Para los que deseen participar en este concurso ideado por pinchad aquí para conocer sus bases.
LA SEMILLA
Shazén, ataviado con su larga túnica negra avanza despacio bordeando las montañas hacia el valle. Una capucha oculta la mayor parte de su cabeza y algunos mechones de pelo ondulado hacen lo mismo con su rostro grisáceo. El corcel que monta presenta grandes llagas por todo su cuerpo. Algunas de estas úlceras dejan al descubierto su fisionomía muscular y ósea. Al llegar a lo alto de una colina se detiene.
Desmonta y comienza a adentrarse en el valle. A su alrededor, los restos de la más cruentas de las batallas. Miles de cuerpos pavimentan el suelo, no queda claro dónde terminan unos y empiezan otros, formando un mosaico del horror. Shazén, el nigromante, sujeta con fuerza la talega que porta una semilla salida del mismo infierno. Solo algo tan vil podría sobrevivir en esa tierra yerma.

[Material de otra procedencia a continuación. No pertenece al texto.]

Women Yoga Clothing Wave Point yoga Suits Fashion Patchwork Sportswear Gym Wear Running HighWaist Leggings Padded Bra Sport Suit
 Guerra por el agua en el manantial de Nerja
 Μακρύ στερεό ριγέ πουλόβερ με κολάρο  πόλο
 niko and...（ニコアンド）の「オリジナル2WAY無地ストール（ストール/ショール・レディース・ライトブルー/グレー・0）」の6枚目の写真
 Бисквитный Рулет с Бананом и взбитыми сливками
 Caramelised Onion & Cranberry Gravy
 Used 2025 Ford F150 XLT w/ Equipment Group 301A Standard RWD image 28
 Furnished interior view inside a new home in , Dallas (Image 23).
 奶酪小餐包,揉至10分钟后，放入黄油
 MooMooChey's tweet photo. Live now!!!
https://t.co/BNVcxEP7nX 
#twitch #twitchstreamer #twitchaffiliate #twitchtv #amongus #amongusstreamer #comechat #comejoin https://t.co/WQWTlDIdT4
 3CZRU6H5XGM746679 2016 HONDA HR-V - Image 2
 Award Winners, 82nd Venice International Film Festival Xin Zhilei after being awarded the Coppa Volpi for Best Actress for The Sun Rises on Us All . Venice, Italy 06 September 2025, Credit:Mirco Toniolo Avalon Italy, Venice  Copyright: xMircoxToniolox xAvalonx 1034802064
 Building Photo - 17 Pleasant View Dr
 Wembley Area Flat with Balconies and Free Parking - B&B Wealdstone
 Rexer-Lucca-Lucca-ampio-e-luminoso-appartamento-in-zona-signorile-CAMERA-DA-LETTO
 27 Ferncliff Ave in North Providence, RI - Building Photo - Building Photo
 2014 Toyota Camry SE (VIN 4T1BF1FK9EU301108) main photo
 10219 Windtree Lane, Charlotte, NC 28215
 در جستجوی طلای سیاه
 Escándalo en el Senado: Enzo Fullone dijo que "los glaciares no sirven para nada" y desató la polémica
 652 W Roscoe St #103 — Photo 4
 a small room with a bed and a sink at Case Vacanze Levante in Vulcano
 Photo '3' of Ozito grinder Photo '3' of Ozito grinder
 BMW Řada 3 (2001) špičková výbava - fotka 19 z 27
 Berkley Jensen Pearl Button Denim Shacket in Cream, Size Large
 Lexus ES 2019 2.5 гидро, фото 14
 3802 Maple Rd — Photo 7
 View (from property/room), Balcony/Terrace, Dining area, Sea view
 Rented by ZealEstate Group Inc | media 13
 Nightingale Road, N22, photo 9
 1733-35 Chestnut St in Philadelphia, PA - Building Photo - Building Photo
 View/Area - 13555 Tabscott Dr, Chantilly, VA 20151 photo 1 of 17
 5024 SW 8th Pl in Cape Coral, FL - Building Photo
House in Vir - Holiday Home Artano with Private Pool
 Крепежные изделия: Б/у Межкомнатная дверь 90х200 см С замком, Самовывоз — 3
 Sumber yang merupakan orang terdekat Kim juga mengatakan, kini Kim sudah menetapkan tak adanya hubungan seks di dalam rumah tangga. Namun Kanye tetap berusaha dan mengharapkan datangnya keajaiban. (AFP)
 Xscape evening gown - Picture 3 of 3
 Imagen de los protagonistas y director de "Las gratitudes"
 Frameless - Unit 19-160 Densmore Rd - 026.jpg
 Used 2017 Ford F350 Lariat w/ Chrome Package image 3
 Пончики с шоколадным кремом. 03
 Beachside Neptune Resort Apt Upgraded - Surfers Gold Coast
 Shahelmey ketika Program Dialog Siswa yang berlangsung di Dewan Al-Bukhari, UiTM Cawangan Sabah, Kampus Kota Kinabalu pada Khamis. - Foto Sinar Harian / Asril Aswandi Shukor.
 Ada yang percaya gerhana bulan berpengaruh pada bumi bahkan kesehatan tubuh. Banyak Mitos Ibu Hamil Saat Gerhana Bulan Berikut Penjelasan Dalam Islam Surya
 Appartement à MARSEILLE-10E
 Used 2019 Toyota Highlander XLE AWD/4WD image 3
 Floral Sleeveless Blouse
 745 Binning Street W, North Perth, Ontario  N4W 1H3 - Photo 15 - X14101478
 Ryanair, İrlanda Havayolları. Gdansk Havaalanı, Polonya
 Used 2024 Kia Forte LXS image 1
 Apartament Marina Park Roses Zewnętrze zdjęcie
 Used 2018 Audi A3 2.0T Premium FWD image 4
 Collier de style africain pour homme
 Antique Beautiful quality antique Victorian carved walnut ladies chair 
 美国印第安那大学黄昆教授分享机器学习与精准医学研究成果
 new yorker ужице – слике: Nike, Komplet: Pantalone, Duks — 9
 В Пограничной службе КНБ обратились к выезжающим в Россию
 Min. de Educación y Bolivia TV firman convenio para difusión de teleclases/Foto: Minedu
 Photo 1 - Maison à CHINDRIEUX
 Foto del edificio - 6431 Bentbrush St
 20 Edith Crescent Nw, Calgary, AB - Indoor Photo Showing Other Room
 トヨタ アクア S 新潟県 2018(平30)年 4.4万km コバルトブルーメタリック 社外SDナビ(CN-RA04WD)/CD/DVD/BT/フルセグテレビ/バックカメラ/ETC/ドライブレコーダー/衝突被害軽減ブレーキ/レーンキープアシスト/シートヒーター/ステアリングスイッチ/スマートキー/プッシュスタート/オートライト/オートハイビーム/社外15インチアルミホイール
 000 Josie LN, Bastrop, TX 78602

Su fruto sumirá el mundo en tinieblas.
De repente algo llama su atención. Acelera el paso sobre cascos y corazas ajados hasta llegar a aquello que contrasta con todo el siniestro paisaje. Una flor de exquisita belleza se abre paso exhibiendo los más vivos colores que hasta las nubes grises parecen apartarse de su cenit. Shazén cae de rodillas, un escalofrío recorre su cuerpo; cómo algo tan hermoso puede tener cabida en este cuadro del terror. Siente como su corazón bombea sangre renovada por todo su cuerpo y sensaciones que creía olvidadas brotan en su interior. Nunca había padecido tanto temor. La cálida luz se abre hueco inundándolo de esperanza.
El que fue a sembrar ha cosechado.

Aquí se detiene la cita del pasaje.